The Artist: Renan Ozturk

“The creativity and climbing go hand in hand,” says Renan Ozturk.

Climber, artist, and filmmaker Renan Ozturk has been held at knifepoint in the deserts of Chad, sustained a traumatic head injury while backcountry skiing in the Tetons, and suffered through hallucinations on Himalayan big walls. Through it all, the cameras have been rolling.

Over the course of the last two years, the 32-year-old’s athleticism, creativity, and storytelling have come together in accessible, inspirational tales consumed by hundreds of thousands of people online.

“The creativity and climbing go hand in hand,” says Ozturk, who calls Boulder, Colorado, home. “I developed them side by side. When I’m part of a team, I always pay attention to how much energy I’m putting into the creativity versus the brass tacks, the things in the mountains that could kill you.”

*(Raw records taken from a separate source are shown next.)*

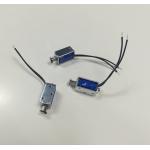 Linear U0421 80g Open Frame Solenoid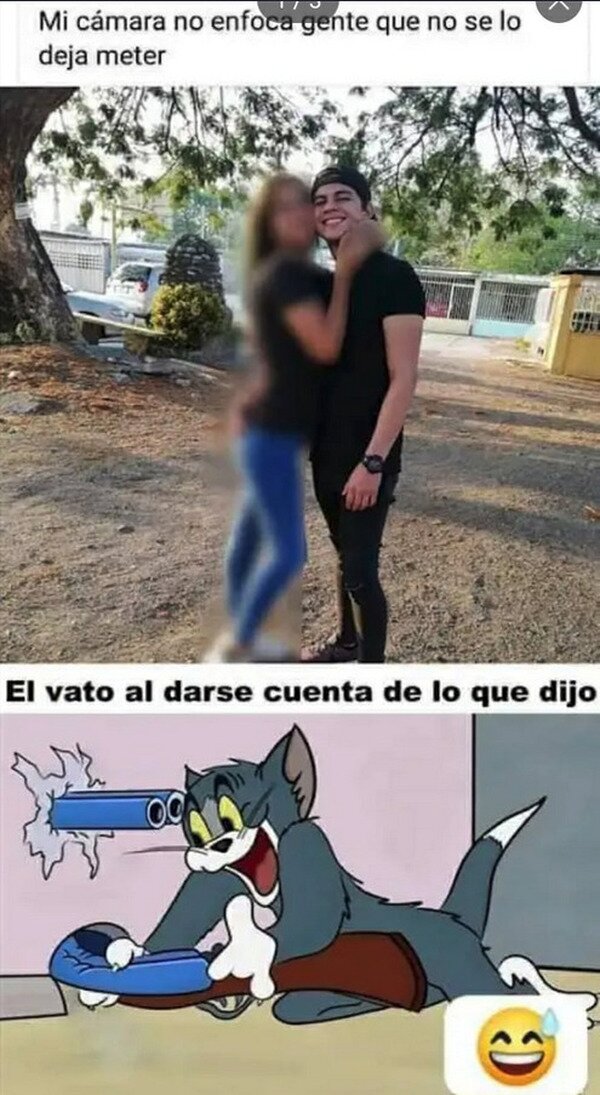 CC_2812084_a88e82e5c40b442895171a25560dac10_meme_otros_no_se_hizo_ningun_favor.jpg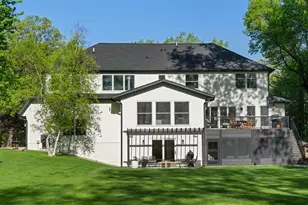 3141 Fairchild Ave, Minnetonka, MN 55391 - Photo 19
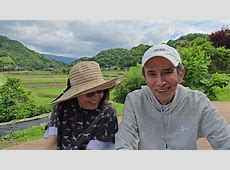 【芸能】仮面ライダーアマゾン役・岡崎徹さんが腎臓がんを公表　女優妻・ひし美ゆり子が報告　腎臓摘出手術受け、順調回復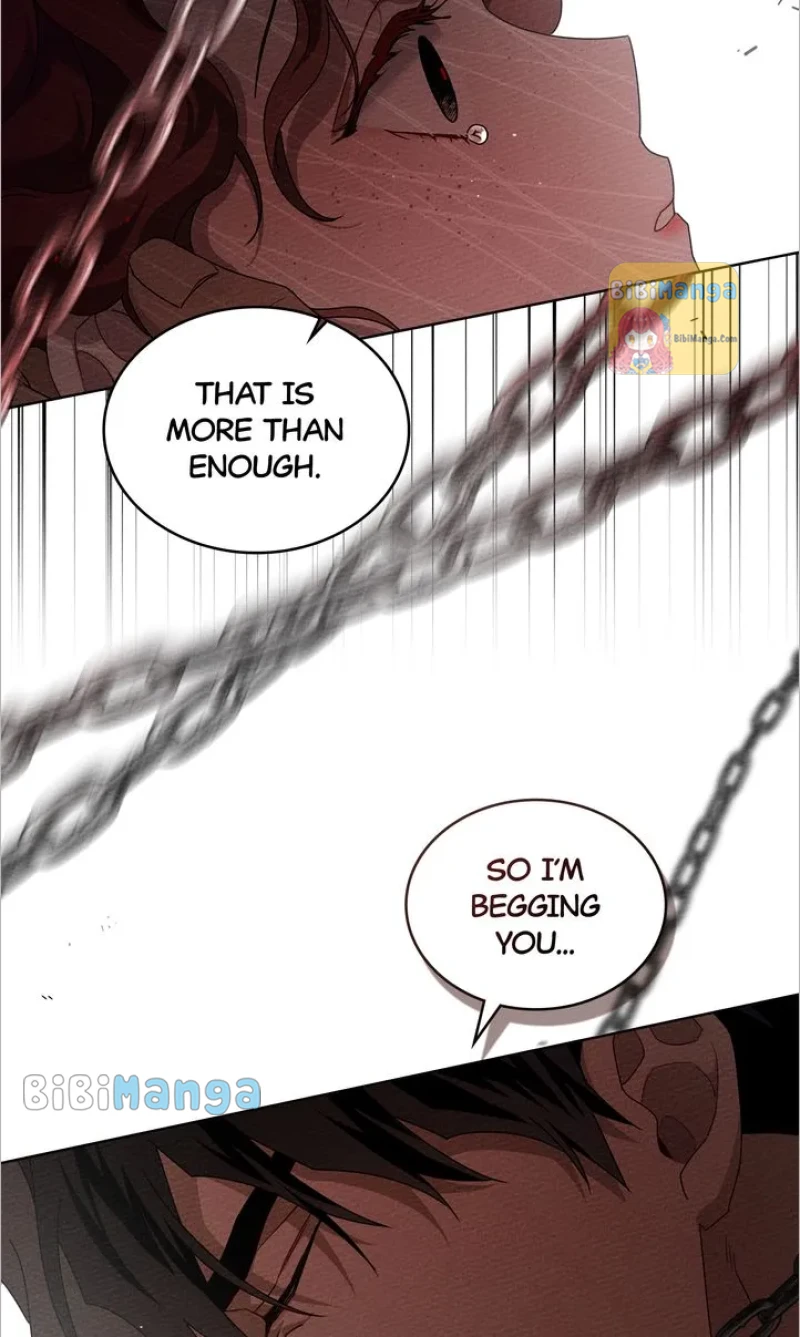 Under the Oak Tree Chapter 74 image 38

After graduating from Colorado College, Ozturk jettisoned most of his worldly possessions and decided to make his home in the deserts around Moab, Utah. His art flourished in pencil sketchbooks and then grew into large canvases laid out across the desert. Those visions became Internet videos from burly Himalayan and South American climbs. Ozturk preferred to shoot, edit, and publish the videos live, during the expedition. The stories he tells require only a lightweight, bare-bones team.

With his latest and most ambitious project, Meru, Ozturk has gone one step further—a feature-length documentary following Ozturk, Jimmy Chin, and Conrad Anker’s much heralded 2011 return to and first ascent of the Shark’s Fin on Meru in the Indian Himalaya. The climb itself required living on the wall for 12 days in temperatures that hovered around minus 20ºF. Ozturk was still recovering from cranial and spinal fractures sustained in a near-lethal skiing accident in Wyoming’s Tetons almost six months earlier.

“This climb nearly killed us,” says the soft-spoken Ozturk. “Making the film [was] even harder. Meru is the mountain that keeps on giving.”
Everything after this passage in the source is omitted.